One of the disorders is schizophrenia, which affects 1 percent of the population and often starts in adolescence or early adult life. Vértes has recently been funded by MQ to search for unique patterns of brain connectivity among those who develop symptoms of schizophrenia, and to cross-reference them with patterns of gene expression across the brain. “Not only is this knowledge important for identifying new treatments that are more effective for a greater number of patients at an earlier stage, but it could also help in predicting those who are at risk,” she explains.
Another area where there has been little improvement in predicting behaviours is that of suicide – the second leading cause of death among the young.

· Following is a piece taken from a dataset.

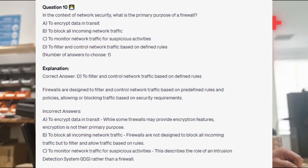The correct answer is D: to filter and control network traffic based on defined rules. Firewalls are designed to filter and control network traffic based on predefined rules and policies, allowing or blocking traffic based on security requirements. While some firewalls may provide encryption features, encryption is not their primary purpose. Firewalls are not designed to block all incoming network traffic but to filter and allow traffic based on rules. Monitoring network traffic for suspicious activities describes the role of an intrusion detection system, or IDS, rather than a firewall.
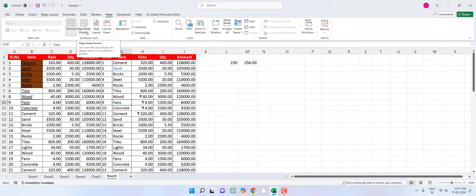Hey guys, welcome back to Part 3 of Microsoft Excel shortcut keys. In this video I'll show you some important shortcut keys of Microsoft Excel, so watch till the end. If you didn't watch Part 1 or Part 2, I've given the links in the video description as well as the end screen of this video.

“Around 16 percent of teens think about suicide and 8 percent report making an attempt, yet there has been little improvement in our ability to predict suicidal behaviours in 50 years,” says van Harmelen, who is a Royal Society Dorothy Hodgkin fellow. The HOPES project she leads aims to develop a model to predict who is at risk of suicide by analysing brain scans and data on suicidal behaviour of young people from across the world to identify specific, universal risk factors.
“These risk factors may be connected with traumatic and stressful events early in their lives,” she adds. “In fact, we know that about a third of all mental health problems are attributable to events such as bullying, abuse and neglect. Much of my work has been to understand the impact of these factors on the developing brain.”
She discovered that childhood adversity is related to an altering of the structure and function of parts of the brain, and that this increases vulnerability to mental health problems. Intriguingly, some adolescents with traumatic early life experiences fared a lot better than would be predicted. This ‘resilience’ was enhanced by receiving the right kind of support at the right time. She calls this ‘social buffering’ and finds that for 14-year-olds it most often comes from family members, and for 19-year-olds from friendships.
With funding from the Royal Society, she is now starting to look for biological factors that underpin resilient functioning – for instance, how does the immune system interact with the brain during periods of psychosocial stress in resilient adolescents? Are there biomarkers that can be used to predict resilience after childhood adversity?
“We are diving deeper into the factors and mechanisms that might help,” says van Harmelen. “We know there are lots of social, emotional and behavioural factors that help to build resilience, and that these factors are amenable to intervention by therapists – but which are the most important, or is it a specific combination of these factors?